Warum Kemal Atatürks Prostitutiertentrick auch in deutschen Freibädern funktioniert
Werbelegende Rory Sutherland erzählt gern diese Anekdote: Mustafa Kemal Atatürk wollte das Verschleiern unattraktiv machen. Statt es zu verbieten, erklärte er den Schleier zur Pflicht für Prostituierte. Boom. Problem gelöst. Ob historisch oder Legende – die Pointe ist: Normen lassen sich seitwärts kippen, während andere frontal gegen Windmühlen kämpfen.

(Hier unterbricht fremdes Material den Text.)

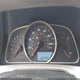 2T3BFREV4FW291977 2015 Toyota Rav4 Le auction photo thumbnail 7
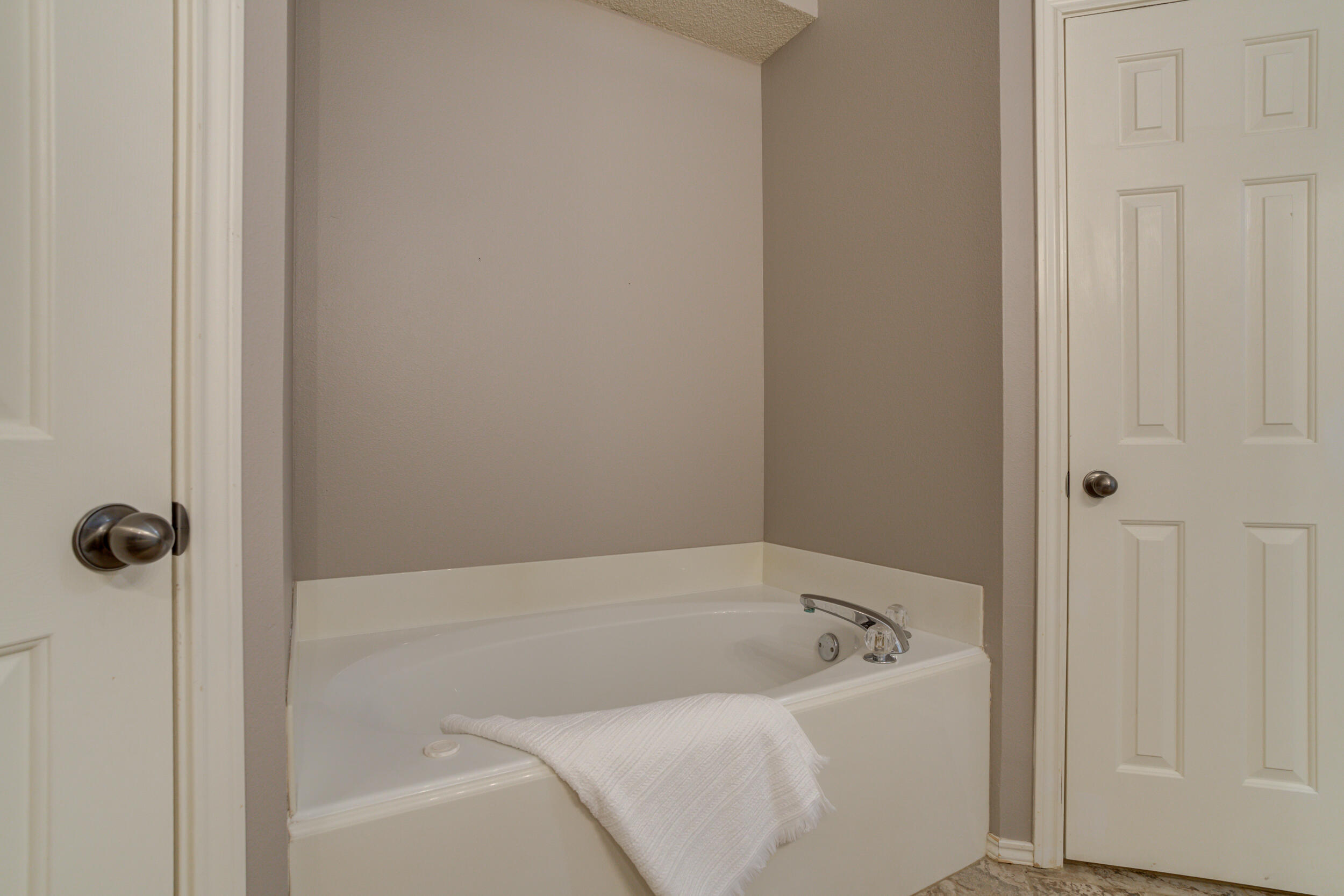 1008 Primrose Avenue Lubbock, TX 79416 - Photo 32 of 51 DSC09219_20_21_22_23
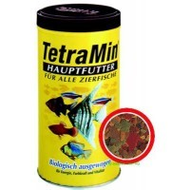 Tetra-tetramin-hauptflocke-500-ml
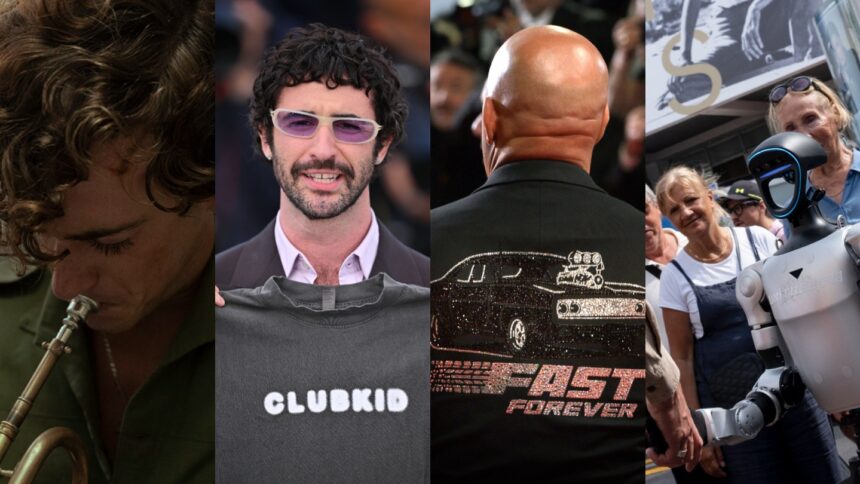 hollywood-ghosts-the-croisette-queer-cinema-owns-it-and-ai-crashes-the-party-five-takeaways-from-cannes-2026 | GIBN hollywood-ghosts-the-croisette,-queer-cinema-owns-it,-and-ai-crashes-the-party:-five-takeaways-from-cannes-2026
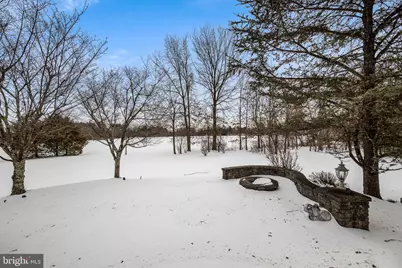 109 Lyric Way, Warrington, PA 18976 - Photo 43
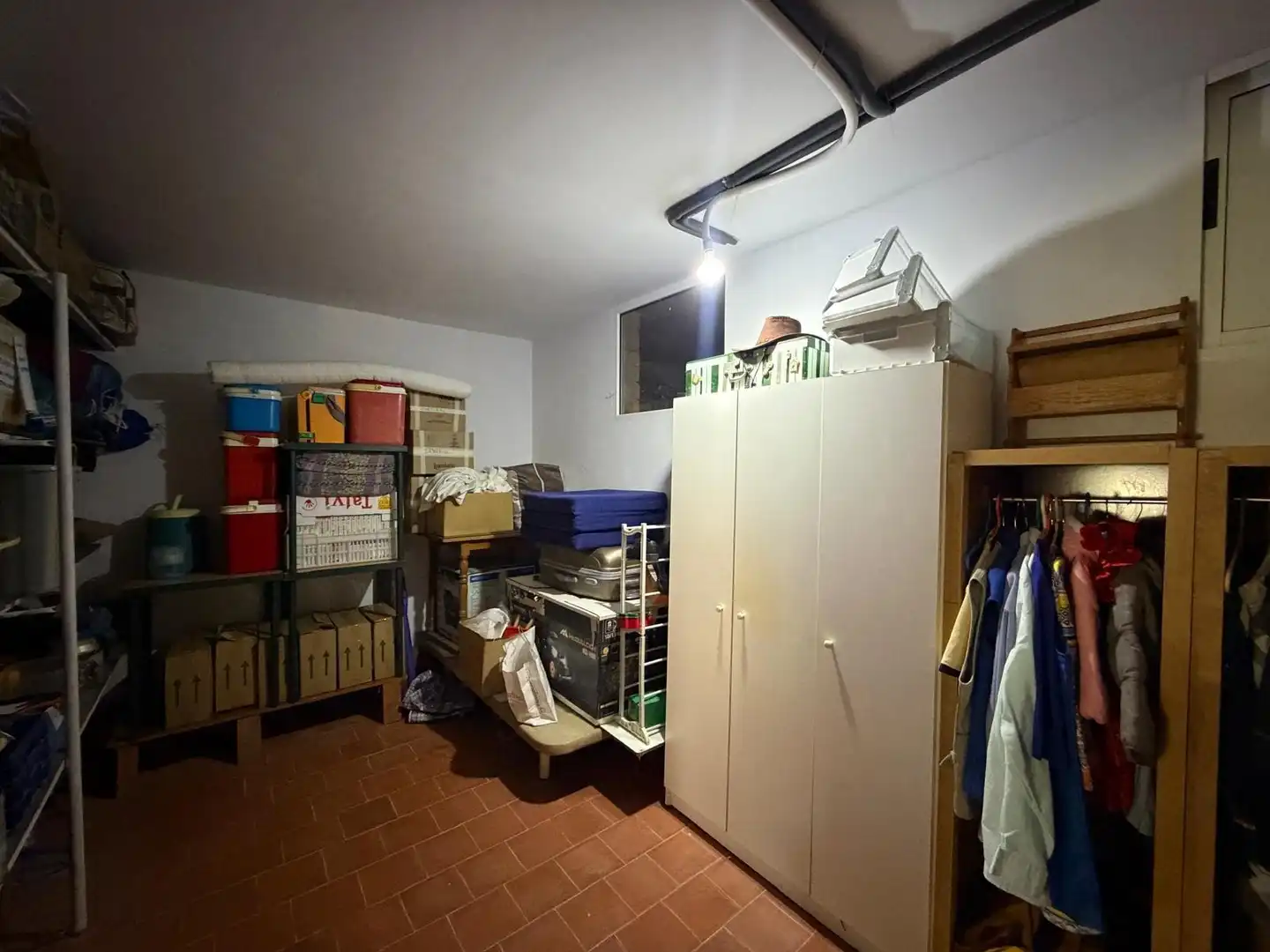 Casa o chalet en venta en Casar de Cáceres con Aire acondicionado, Calefacción y Terraza
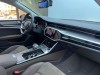 Audi A7L 45 TFSI 2024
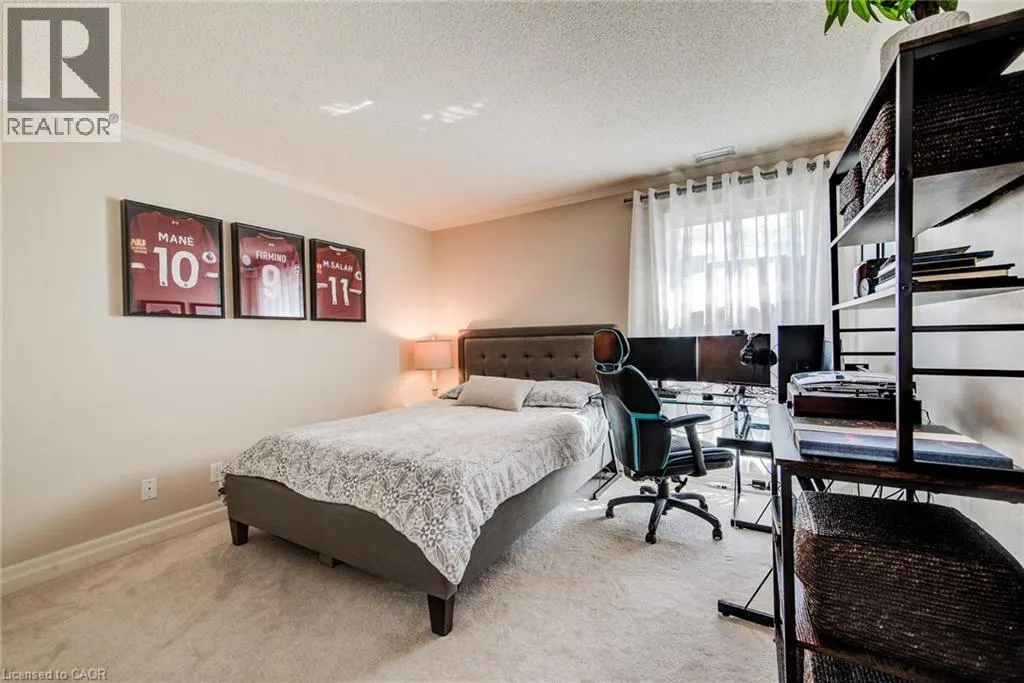 54 BLUE SPRINGS Drive Unit# 41, #41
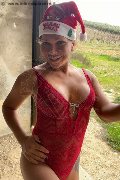 Foto Stefany Costa Trans Teramo - 8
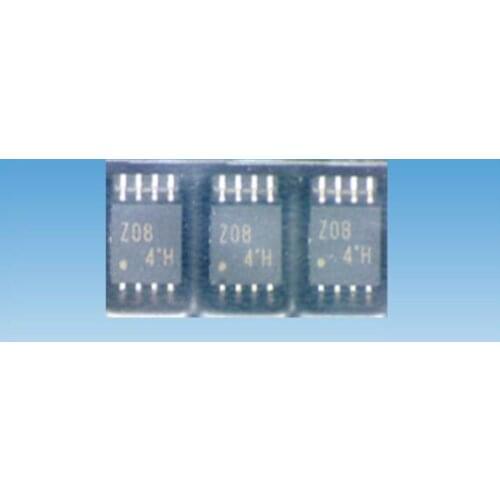 TC7WZ08FU TC7WZ08 SSOP-8 ZO8 Z08 New Original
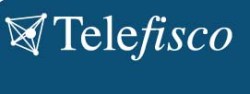 Telefisco 2011, l'appuntamento è fissato per il 26 gennaio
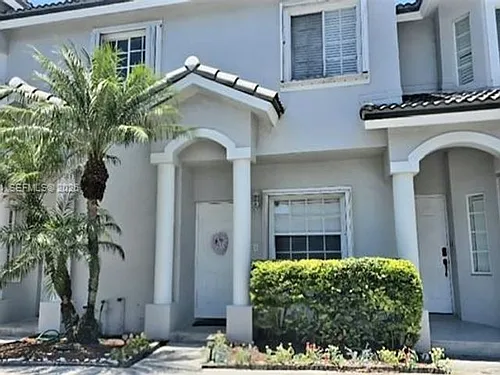 14130 SW 120th Ct Photo 1
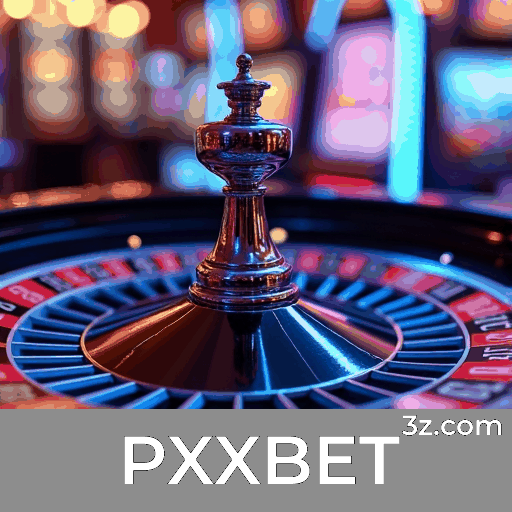 Desbloqueie Privilégios Exclusivos com Sua Conta PXXBET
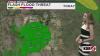 Hot conditions and monsoon storms likely Thursday in New Mexico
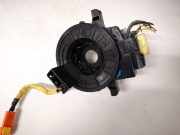 Airbag Schleifring Toyota Auris, I E15 2006.10 - 2012.10 8924502040,89245-02040
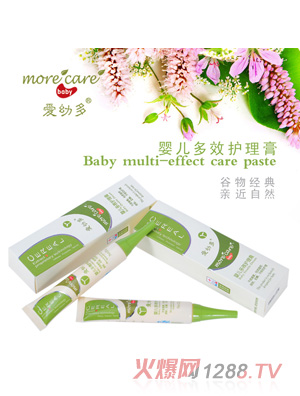 ��(��i)�׶�ݱ���Ч�o(h��)����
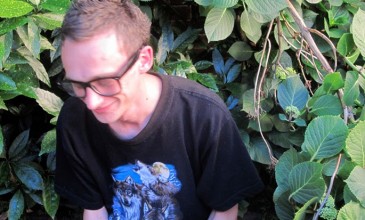 RBMA bring Tiger & Woods, Lone, XXXY and more to Cargo next month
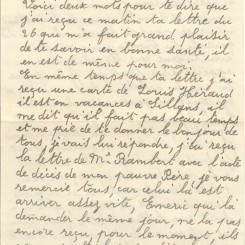 FRAD083_DUBOURG_FERNAND_COR_19400330_001.JPG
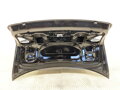 VEKO BATOŽINOVÉHO PRIESTORU KUFOR ZADNÝ SEAT EXEO (3R2) 2008 - 2013 Z4Z4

Urlaub in einer westdeutschen Stadt. Familie, Freibad, jeden Tag. Es fällt auf: Hier läuft’s anders. Entspannte Atmosphäre, ernsthafte Schwimmer, keine Rangeleien. Als Kommuniktionsstratege kam ich mit dem Bademeister ins Gespräch. Was er erzählte, war lehrbuchmäßiges „Lateral Thinking“ – nur dass es keiner so geplant hatte. Vor einigen Jahren hatte das Bad ein Hygieneproblem. Die Ursache: XXL-Badeshorts. Diese Stoffmonster saugen sich voll wie Schwämme, ihre Taschen sammeln Dreck. Die Lösung war technokratisch: Nur noch enganliegende Badehosen erlaubt. Wer keine hat, bekommt kostenlos desinfizierte Leihbadehosen.
Was dann passierte, überraschte. Gruppen junger Männer, die das Bad vorher als Bühne für Testosteronparties nutzten, standen plötzlich vor einem Problem: Uncoole Speedos tragen oder gehen. Die meisten gingen. Das Publikum änderte sich binnen Wochen. Die Überschneidung zwischen Störenfrieden und Menschen, die niemals enganliegende Badehosen tragen würden: 90 Prozent.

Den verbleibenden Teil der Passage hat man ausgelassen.